What you also see are moves that could be adapted for Ceroc and Modern Jive.  Like I’ve said many times, our dancing is a fusion of many dance styles.  I wonder if anyone has actually pinched a few moves from The Carolina Shag.  The track they are dancing to is Pink Cadillac by Jerry Lee Lewis which shows the roots of this dance style in Rock ‘n’ Roll.

6: Mustang Sally – Commitments (1991)

This has to be one of my Top 5 must-find-a-partner-for dance tracks.  The reason is simple.  I have to see if I can hit the breaks, freeze the action, and smile at my partner.  I only smile if I actually succeed in hitting the breaks – I don’t do it every time.  The thing is I know the break is coming, so I have to choose a move that I will finish just as the band holds the beat.

I always thought the original of Mustang Sally was by Wilson Pickett, but it was actually written and recorded by Mack Rice in 1965.  Pickett would bring it to the world’s attention a year later on his 1966 Album Wicked  Pickett.  This reworking was made for the 1991 film The Commitments with then-unknown Irish singer Andrew Strong.  I have to say I’m impressed that a modern reworking can beat the Pickett version.

Having said that I wondered why we never get to dance to the Wilson Pickett’s version.  I had a listen to his 1966 version, and while it has all the soul and earthy funk of the Commitments reworking the beat is just a little too slow.  It still has those fabulous breaks but I’m sure DJs will stick with The Commitments version.

7: Fever Sarah Vaughan (Adam Freeland remix) (2005)

I suspect this remix has been on DJs’ playlists since it was created seventeen years ago.  I certainly remember hearing it at my early Ceroc classes.  As I said above, I think tracks we danced to when we were first getting to grips with our dancing find a special place in our dance music memory.  This remix is loaded with danceability.  Its funked-up beat and modern instrumentation are all so easy to connect with.

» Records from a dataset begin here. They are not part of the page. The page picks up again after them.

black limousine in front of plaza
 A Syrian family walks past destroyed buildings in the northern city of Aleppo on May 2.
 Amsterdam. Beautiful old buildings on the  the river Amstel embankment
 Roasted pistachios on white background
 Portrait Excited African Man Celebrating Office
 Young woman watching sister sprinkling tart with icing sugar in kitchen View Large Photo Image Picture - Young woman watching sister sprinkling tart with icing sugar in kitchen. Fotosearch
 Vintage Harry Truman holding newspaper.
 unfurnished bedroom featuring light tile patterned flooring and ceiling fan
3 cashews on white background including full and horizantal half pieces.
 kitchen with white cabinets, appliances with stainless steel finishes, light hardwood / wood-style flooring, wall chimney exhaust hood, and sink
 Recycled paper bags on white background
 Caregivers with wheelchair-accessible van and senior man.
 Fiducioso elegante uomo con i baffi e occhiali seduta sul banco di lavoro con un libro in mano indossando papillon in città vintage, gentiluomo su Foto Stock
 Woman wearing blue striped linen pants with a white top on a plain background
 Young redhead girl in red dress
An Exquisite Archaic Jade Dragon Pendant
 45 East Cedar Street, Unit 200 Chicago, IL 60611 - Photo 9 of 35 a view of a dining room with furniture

The best way to illustrate just how much work Adam Freeland put into his remix is to compare it with the original, so after you’ve had a listen to his version, please listen to Sarah Vaughan’s original.  The difference will hit your dance brain instantly.

Compare with the Sarah Vaughan Original

Before you listen to Sarah Vaughan’s original, let me give you a little background to the track.  It was first recorded in 1956 by Little Willie John but it came to prominence two years later when Peggy Lee did a stripped-down Blues version with just an upright bass and drum backing.  This version is considered by many to be the best though Sarah Vaughan’s 1965 version has many supporters too.

There is one other version of Fever that is in itself a Ceroc and Modern Jive classic – The 2003 version by Michael Bublé.  This actually came out two years before Adam Freeland started work on his reworking and you do wonder if Bublés version prompted him to dig out the Sarah Vaughan one.

8: Fireball – Pitbull (2014)

Now, I’m not one to do line dances.  They look great fun, but for some reason, I just can’t get the routine right.  Having said that, line dances are now a big part of Ceroc and Modern Jive freestyles, and the line dance devised by Ceroc’s Tim Sant in 2015 for Fireball is, without doubt, the most popular.  Even though each year Tim comes up with a new line dance, everybody is still doing the Fireball one and that’s the reason this track has become a Ceroc and Modern Jive classic.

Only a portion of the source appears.